- [Work instructions]:
Starting with the line below that holds "Hello all, welcome" and stopping after the line that holds "In a second", transcribe the lines exactly, leaving out all pictures.

*** Data for this exercise

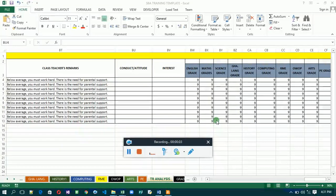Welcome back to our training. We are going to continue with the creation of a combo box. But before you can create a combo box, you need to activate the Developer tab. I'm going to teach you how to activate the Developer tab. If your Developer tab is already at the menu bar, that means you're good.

******
*** Data for this exercise

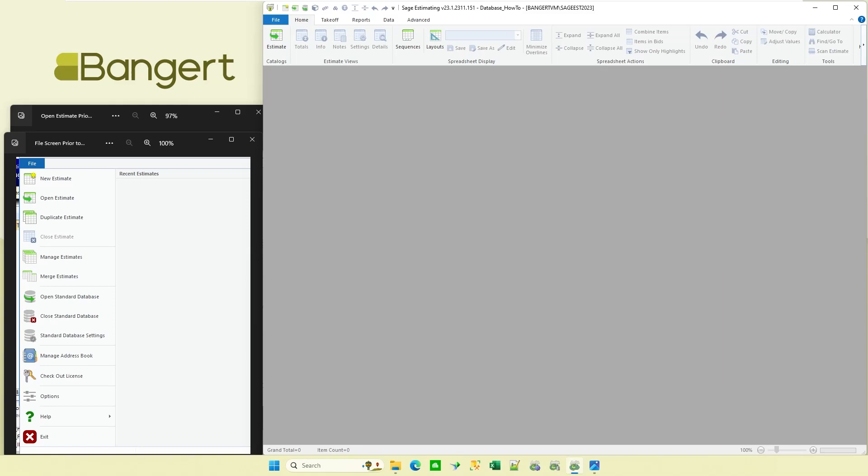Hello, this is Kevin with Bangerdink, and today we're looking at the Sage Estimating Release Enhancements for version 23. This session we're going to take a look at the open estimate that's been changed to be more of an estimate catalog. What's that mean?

******
*** Data for this exercise

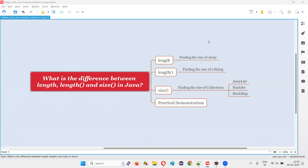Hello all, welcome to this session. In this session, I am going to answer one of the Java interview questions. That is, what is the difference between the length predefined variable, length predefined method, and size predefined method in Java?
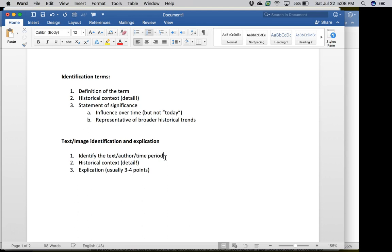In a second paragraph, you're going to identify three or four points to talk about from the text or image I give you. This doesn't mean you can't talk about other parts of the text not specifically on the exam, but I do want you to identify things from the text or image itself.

******

- [Result of the exercise]:
Hello all, welcome to this session. In this session, I am going to answer one of the Java interview questions. That is, what is the difference between the length predefined variable, length predefined method, and size predefined method in Java?
In a second paragraph, you're going to identify three or four points to talk about from the text or image I give you. This doesn't mean you can't talk about other parts of the text not specifically on the exam, but I do want you to identify things from the text or image itself.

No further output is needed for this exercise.